Micro-Landscapes of the Anthropocene

Dan Barber

This quote reminded me a lot about this show I have been watching called Chef’s Table and in particular this chef called Dan Barber. According to the show, Dan Barber is seen as kind of the face of sustainable cooking and basically what makes him interesting is that he focuses very intensely on creating a perfectly balanced, harmonised symbiotic system of food production. There are the chickens, which spread the manure of the cows over the fields, which improves the health of the grass, which is eaten by the goats, which keeps back the forest… and so on. He very much takes a backward step as the human and leaves a lot of the ‘cooking process’ up to non-human elements. The dishes he serves in his restaurant are sometimes just single pieces of vegetables, as though he were serving to his guests the essence of a carrot or a radish or a turnip. (see picture)



His whole approach initially struck me as an interesting example of the sorts of things that contemporary art and culture can do to reintroduce nature to us.
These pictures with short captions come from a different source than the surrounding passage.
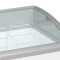 Eiscreme-Gefriertruhe NIC401SCEB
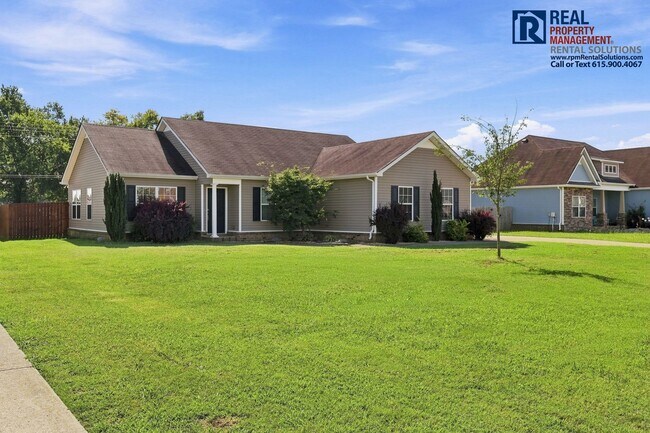 Building Photo - 4221 Ruston Ct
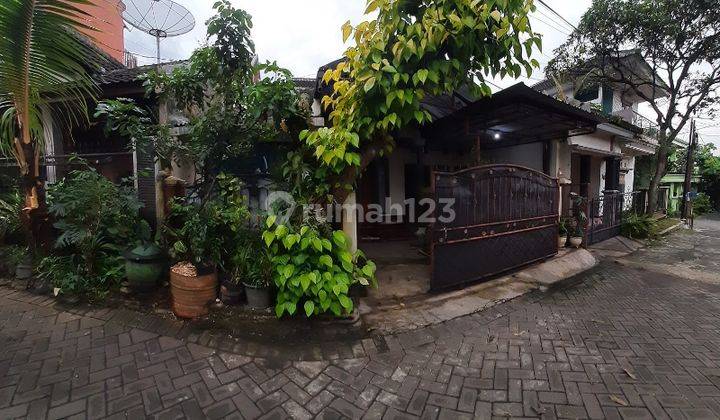 Rumah Bagus di Saptorenggo Pakis Malang Gmk02008 2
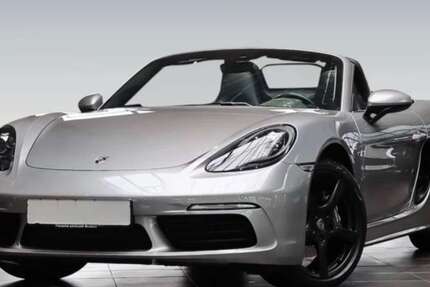 Porsche 718 35.100 km 58.900 &euro; Versmold, Stadt 33775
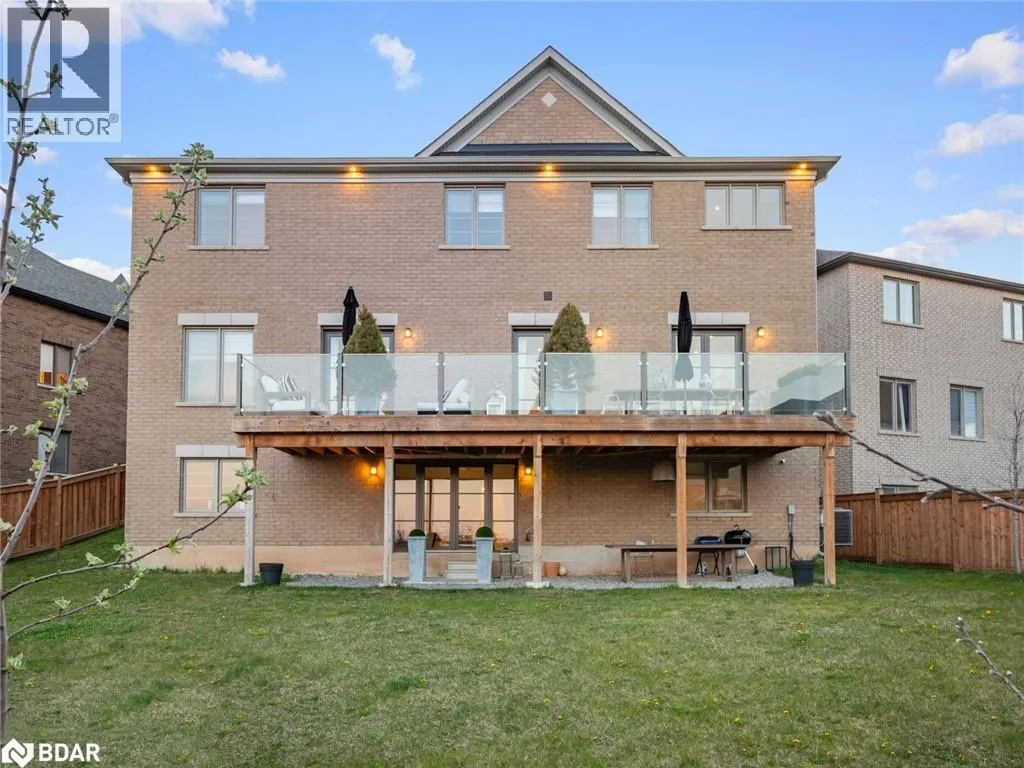1335 BRITTON Crescent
The more I thought about it, however, the more I came to think that the whole reason Dan Barber is able to create such a system (and foreground nature and vegetables in the way he does) is because he has large amounts of resources (land, time, money, fame) at his disposable. It is quite ironic that he is seen as the face of sustainable cooking when his techniques are not really transferable into any sort of larger, more global systems.